Saved data entries:
***

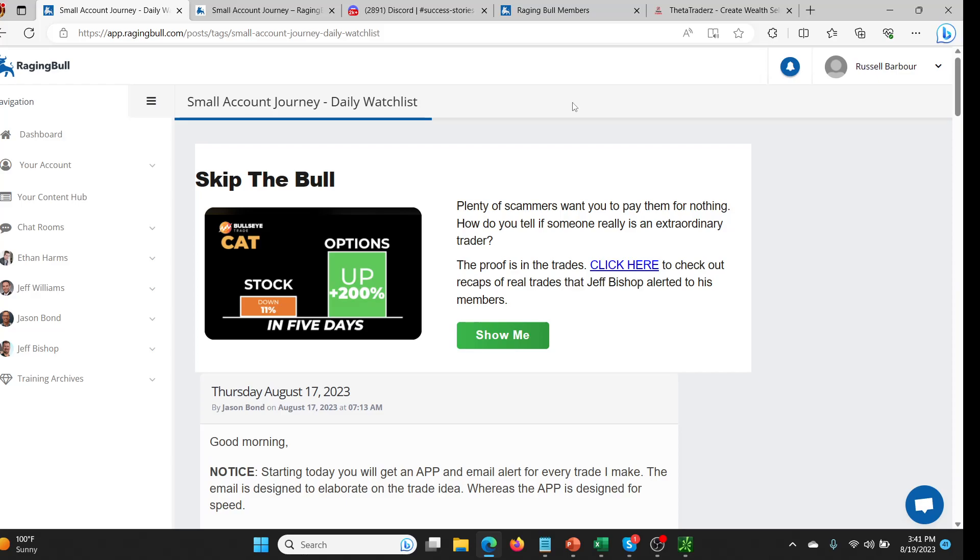So unfortunately for the people who signed up for Jason's launch, he basically was like, that's it, let's go guys. I've done $2,000 to $30,000, I've got this dialed in, and then he launched it to everybody with a huge sale. And I still have the link for that. If you want to join at that price, I think it might work. I'll leave a link in the description below where you can join the small account journey for that launch price.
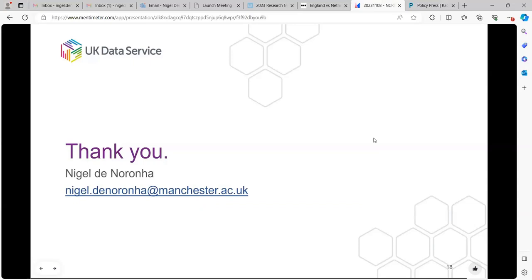Thanks very much for coming. The last slide asks you to do the feedback on in-Hoova. Hopefully you will be presented with that as you leave. Thanks again for your participation. I hope you found it useful. Please feel free to contact me.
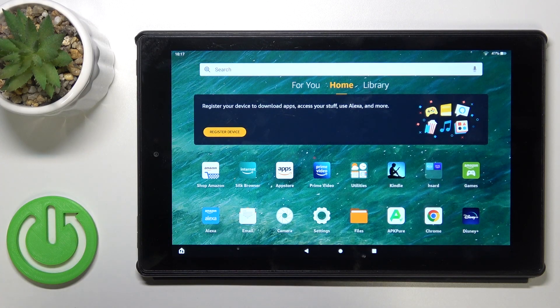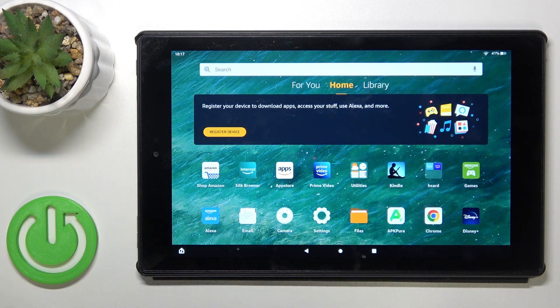Hi, it's TM43. Amazon Fire HD 10, and I'll show you how to create home screen folders on this device.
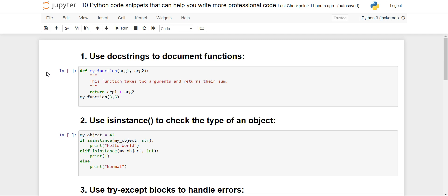Hello everyone, welcome back to the channel. I hope you all are good. In today's video I have come here with 10 Python code snippets that can help us write more professional code. So let's get started.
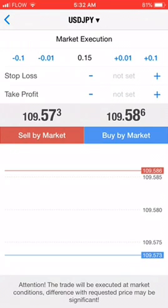Now, if you think that the market is going to go up, you want to hit buy by market. If you think it's going to go down, you hit the sell button.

***

### Activity
Please repeat the entries exactly. Do not include the pictures.

### Response to the task
So unfortunately for the people who signed up for Jason's launch, he basically was like, that's it, let's go guys. I've done $2,000 to $30,000, I've got this dialed in, and then he launched it to everybody with a huge sale. And I still have the link for that. If you want to join at that price, I think it might work. I'll leave a link in the description below where you can join the small account journey for that launch price.
Thanks very much for coming. The last slide asks you to do the feedback on in-Hoova. Hopefully you will be presented with that as you leave. Thanks again for your participation. I hope you found it useful. Please feel free to contact me.
Hi, it's TM43. Amazon Fire HD 10, and I'll show you how to create home screen folders on this device.
Hello everyone, welcome back to the channel. I hope you all are good. In today's video I have come here with 10 Python code snippets that can help us write more professional code. So let's get started.
Now, if you think that the market is going to go up, you want to hit buy by market. If you think it's going to go down, you hit the sell button.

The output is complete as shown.